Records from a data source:
= Beginning of Section =

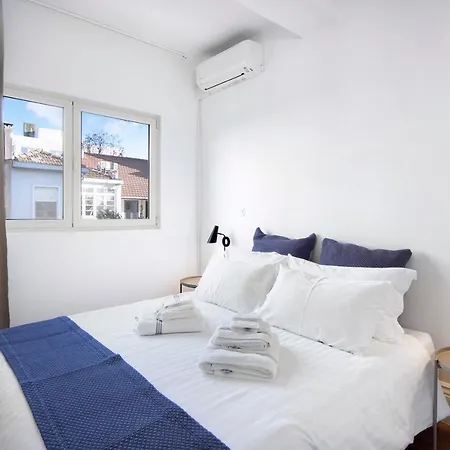 Apartamento Crooked Floor House - 1st Floor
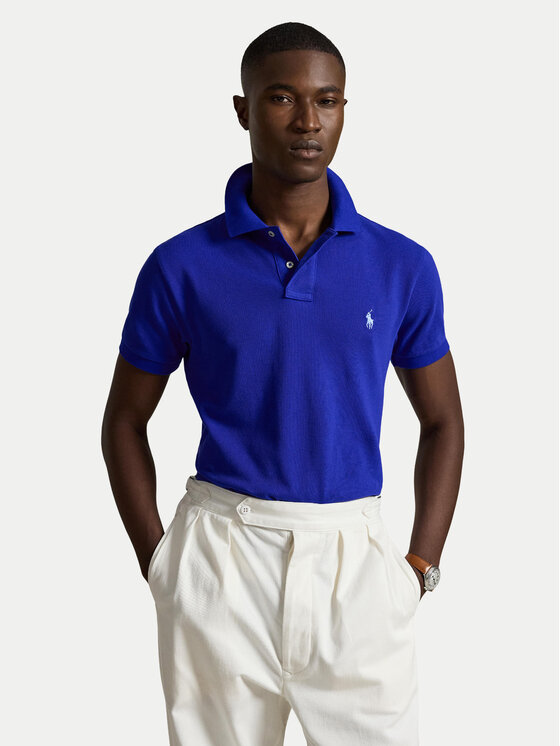 Polo Ralph Lauren Polo Ralph Lauren Polo 710536856516 Azul Regular Fit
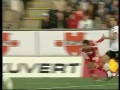 Przepiękny gol z nożyc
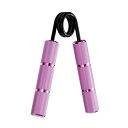 RPM Sports メタルグリッパー ハンドグリップ 握力トレーニング (ピンク/約22.68kg)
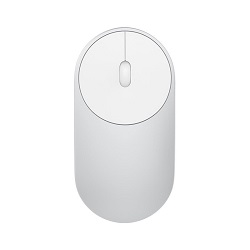 Мышь Xiaomi Mi Portable Mouse Silver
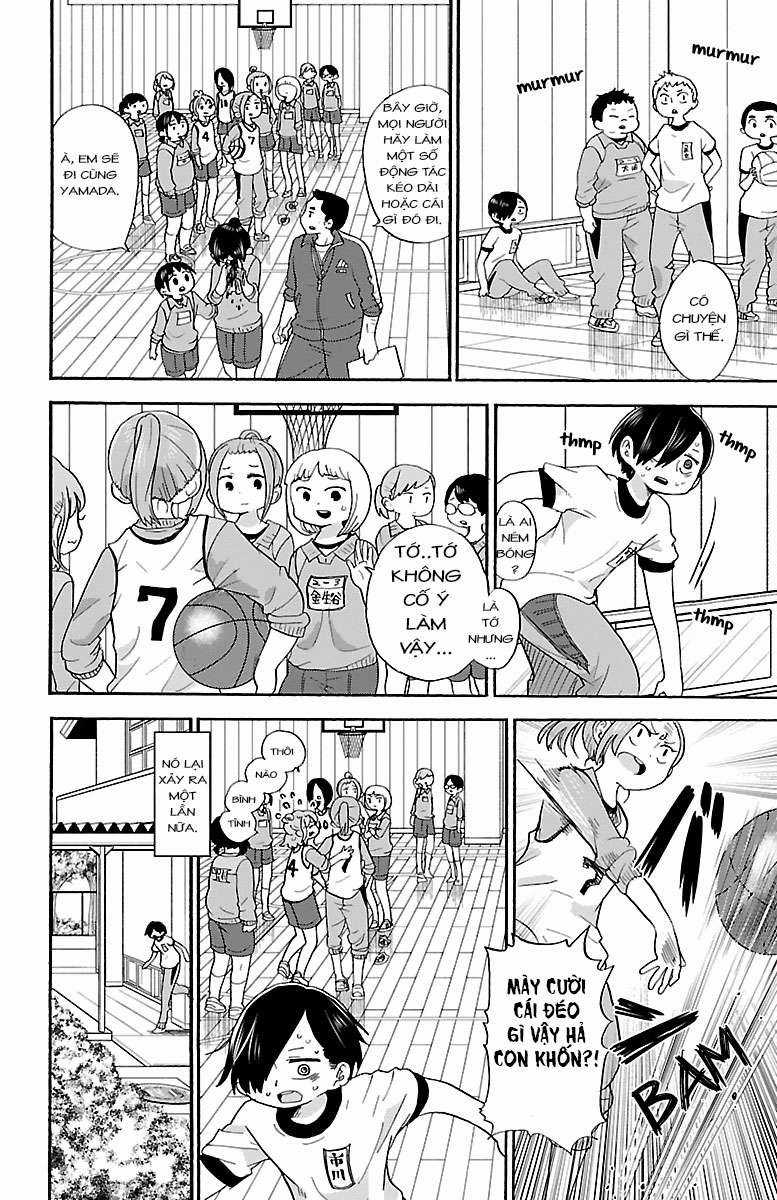 Boku No Kokoro No Yabai Yatsu Chapter 14 trang 6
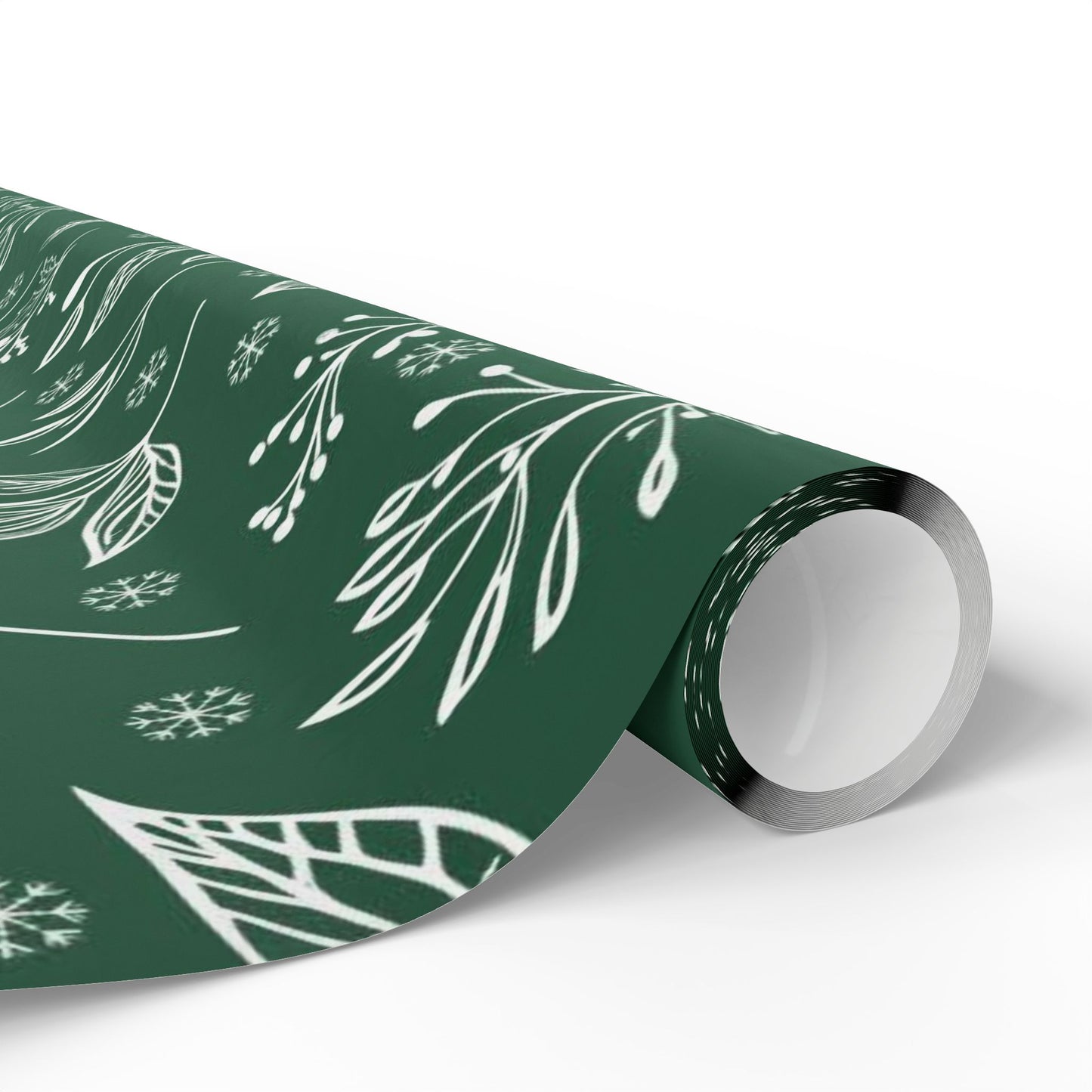 Evergreen Elegance (Wrapping Papper)
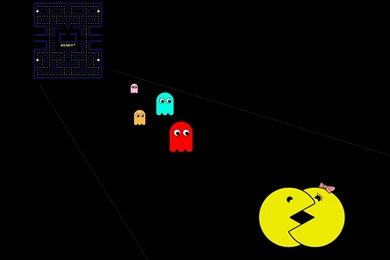 121 Pac Man HD Wallpapers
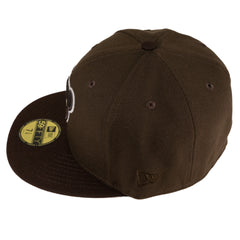 Chicago Cubs 1926 All-Star Game Cafesito Collection Fitted Hat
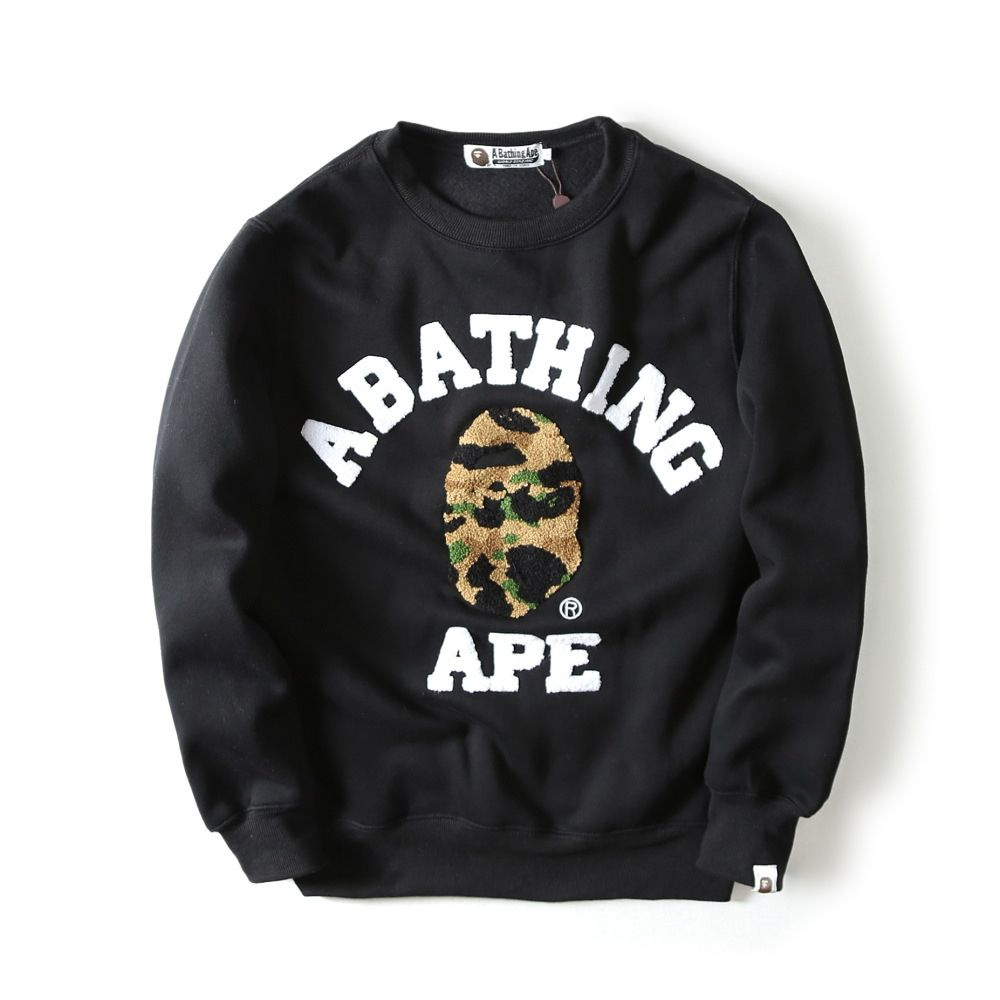 Толстовка A BATHING APE детская с капюшоном / Худи детская с начесом / Толстовка детская  #1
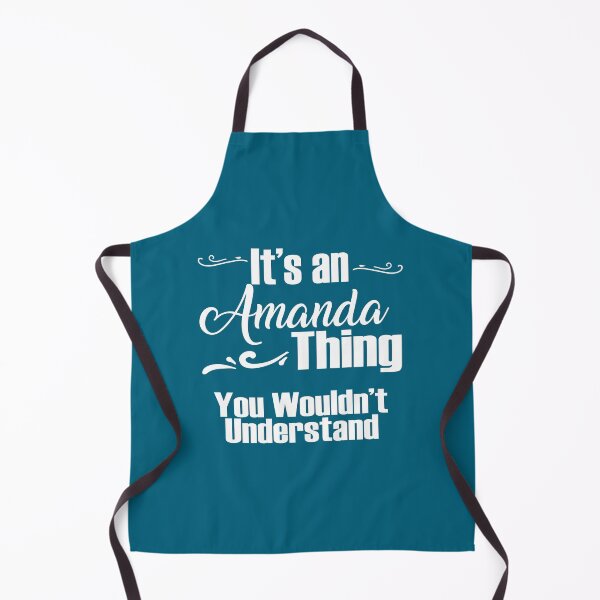 Item preview, It's an Amanda Thing...you wouldn't understand designed and sold by Jandsgraphics.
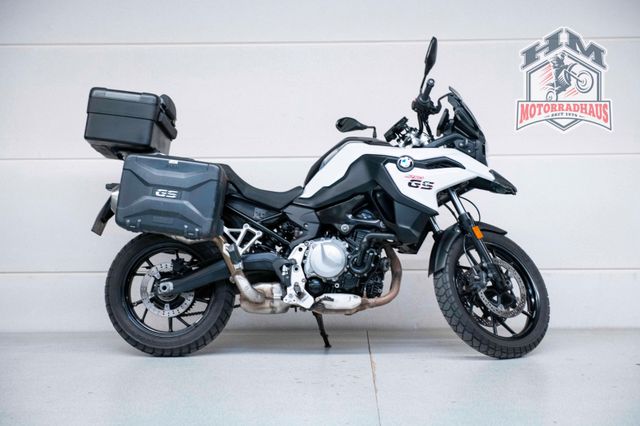 BMW F750 GS Low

= End of Section =

:: WHAT YOU ARE ASKED TO DO ::
Send back every line above exactly, skipping all pictures.

:: RESULT OF THIS TASK ::
 Apartamento Crooked Floor House - 1st Floor
 Polo Ralph Lauren Polo Ralph Lauren Polo 710536856516 Azul Regular Fit
 Przepiękny gol z nożyc
 RPM Sports メタルグリッパー ハンドグリップ 握力トレーニング (ピンク/約22.68kg)
 Мышь Xiaomi Mi Portable Mouse Silver
 Boku No Kokoro No Yabai Yatsu Chapter 14 trang 6
 Evergreen Elegance (Wrapping Papper)
 121 Pac Man HD Wallpapers
 Chicago Cubs 1926 All-Star Game Cafesito Collection Fitted Hat
 Толстовка A BATHING APE детская с капюшоном / Худи детская с начесом / Толстовка детская  #1
 Item preview, It's an Amanda Thing...you wouldn't understand designed and sold by Jandsgraphics.
 BMW F750 GS Low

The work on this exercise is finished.